Currently, the gorgeous 24-year-old’s work has taken her to Australia, where she’s filming the big-screen drama Blinder alongside fellow Kiwi Anna Hutchison, but she’s also recently completed filming an episode of CSI and the indie flick Light Years.
Although she’s clocked up a lot of air miles and is mostly based in Los Angeles these days, all that transit can’t shake the Kiwi out of Rose. “I really crave New Zealand when I’m away,” she says. “Everything seems so green and roomy. You take it for granted – practically every house has a backyard.
“I’m glad I now have an environment in LA where I have friends and a life there. But it certainly is such a treat to come home and spend time with family and friends,” the actress says. When the Weekly catches up with Rose it’s on one of her fleeting trips to New Zealand to visit her family and long-term, long-distance boyfriend Benjamin Hoeksema.
Rose is staying with her parents in Titirangi, Auckland, in the home she grew up in. It’s a house Rose says is filled with happy childhood memories of summers spent on the beach playing on the rocks with her brother Paul in French Bay. The home is also filled with colour – the family lounge features her mother Annie’s ceramic artwork, as well as her father Mac’s photography and vintage radio collection.
The visit home has meant Rose gets to spend time with her two-year-old nephew Caed and meet her niece Marley, who was born in September last year. “It’s great being an auntie but I don’t think I’ve quite met my obligations for babysitting duty yet. I think I’ve got a bit of an IOU hanging over me.
“When they’re first born you’re sent a barrage photographs. All you see is this squished little red face that you’re trying to fall in love with. It’s so nice to see them in the flesh and hold them. “I used to nanny a lot in high school and it’s so lovely to have a family member to spend time with, because I was always falling in love with other people’s children. Now I’m falling in love with my own nephew!
“I find myself looking at baby clothes in LA and everyone says, ‘Are you clucky?’ and I say, ‘No, I’ve got a nephew and a niece.’ Marley’s wearing a baby T-shirt now that says, ‘My aunt is the best’. It’s a low-key number – I don’t know who could have got it for her,” she laughs. “One day I’d love to be a mum, but it’s something that would be quite a long way away for me,” says Rose. “Don’t leave it too long or I’ll be too old!” her mum Annie chips in.
While she’s away, Rose stays in touch with her family and Benjamin, her boyfriend of seven years, via Skype. “They’re everything to me, so that’s what’s great about Skype – it’s completely revolutionised being away from home. “It’s just like having a Sunday night dinner, but you have a Sunday Skype session. It doesn’t feel like you’re away from home. “I’m back and forth at the moment, so that’s the way it has to work with me and [Ben],” she says.

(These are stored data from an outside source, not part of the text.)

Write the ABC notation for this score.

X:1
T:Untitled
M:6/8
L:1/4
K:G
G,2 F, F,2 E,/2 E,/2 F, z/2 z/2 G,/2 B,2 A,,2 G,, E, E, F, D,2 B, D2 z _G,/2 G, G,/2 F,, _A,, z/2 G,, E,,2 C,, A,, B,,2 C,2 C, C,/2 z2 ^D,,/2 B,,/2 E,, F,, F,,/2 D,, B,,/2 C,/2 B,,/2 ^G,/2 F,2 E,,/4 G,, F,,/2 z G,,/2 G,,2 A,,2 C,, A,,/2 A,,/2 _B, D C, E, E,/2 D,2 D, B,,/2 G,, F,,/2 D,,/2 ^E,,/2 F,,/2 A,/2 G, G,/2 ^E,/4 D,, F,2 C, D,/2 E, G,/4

Rose, who first made it big in Peter Jackson’s The Lovely Bones, is doing her best to take a little slice of her Kiwi life to LA. You won’t see her tottering around the City of Angels in the skyscraper heels or minidresses favoured by Californians. Rose is a denim cut-offs and T-shirt kind of gal, and makes a special effort to support New Zealand fashion labels such as Ruby and Juliette Hogan overseas.

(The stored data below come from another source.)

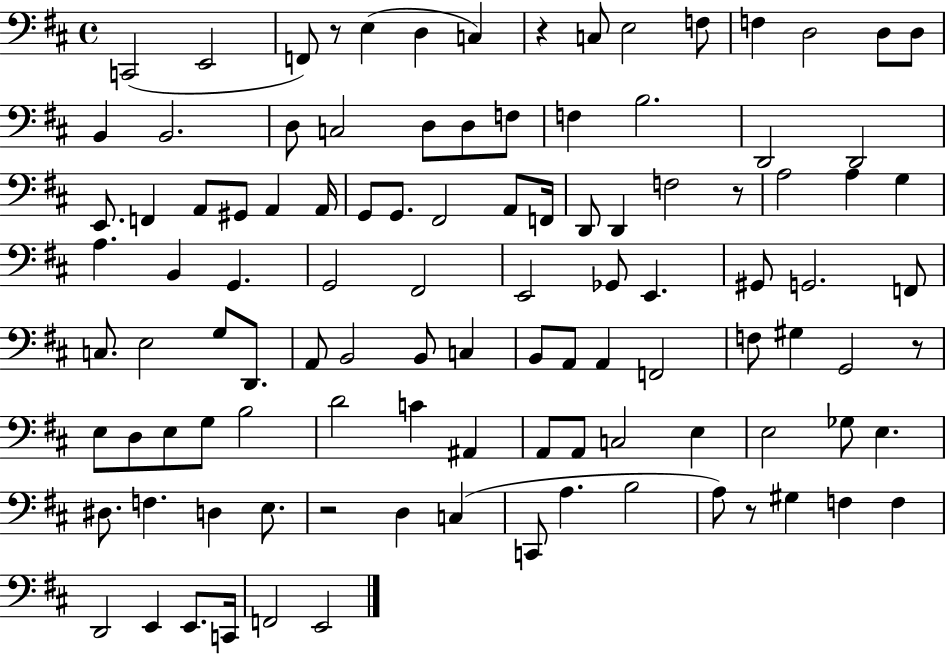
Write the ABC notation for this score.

X:1
T:Untitled
M:4/4
L:1/4
K:D
C,,2 E,,2 F,,/2 z/2 E, D, C, z C,/2 E,2 F,/2 F, D,2 D,/2 D,/2 B,, B,,2 D,/2 C,2 D,/2 D,/2 F,/2 F, B,2 D,,2 D,,2 E,,/2 F,, A,,/2 ^G,,/2 A,, A,,/4 G,,/2 G,,/2 ^F,,2 A,,/2 F,,/4 D,,/2 D,, F,2 z/2 A,2 A, G, A, B,, G,, G,,2 ^F,,2 E,,2 _G,,/2 E,, ^G,,/2 G,,2 F,,/2 C,/2 E,2 G,/2 D,,/2 A,,/2 B,,2 B,,/2 C, B,,/2 A,,/2 A,, F,,2 F,/2 ^G, G,,2 z/2 E,/2 D,/2 E,/2 G,/2 B,2 D2 C ^A,, A,,/2 A,,/2 C,2 E, E,2 _G,/2 E, ^D,/2 F, D, E,/2 z2 D, C, C,,/2 A, B,2 A,/2 z/2 ^G, F, F, D,,2 E,, E,,/2 C,,/4 F,,2 E,,2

“I’m definitely proud to wear Kiwi fashion,” says Rose. “I get lots of questions about my clothes. On Light Years people would say, ‘Where are those pants from?’ and I’d say ‘New Zealand, but you can get them online!’”
On the set of Light Years, in which Rose plays a woman beginning a marketing career, Rose was instrumental in making sure Kiwi fashion was used by the costume department. “Emily Miller-Sharma from Ruby and Liam contributed some clothes to the wardrobe. I’ve always been a huge fan of theirs,” says Rose.
Another thing Rose hasn’t let LA strip from her is her dry Kiwi wit, something she has clearly inherited from her parents. The family joke with one another constantly. “We like to rark each other up and we have a high tolerance for teasing. I have to remember that when I’m with people I don’t know so well.
“The other day I was sitting at a café in LA, and someone came over and sat at the table next to me. There was a half-drunk coffee on the table and I said, ‘Feel free to finish that.’ “I was being silly, obviously, but the person looked at me disapprovingly, as if I thought they were homeless or something,” she says.
“That’s such a New Zealand thing to have that kind of rapport with someone you don’t know. But that kind of humour doesn’t necessarily fly with people in the US!”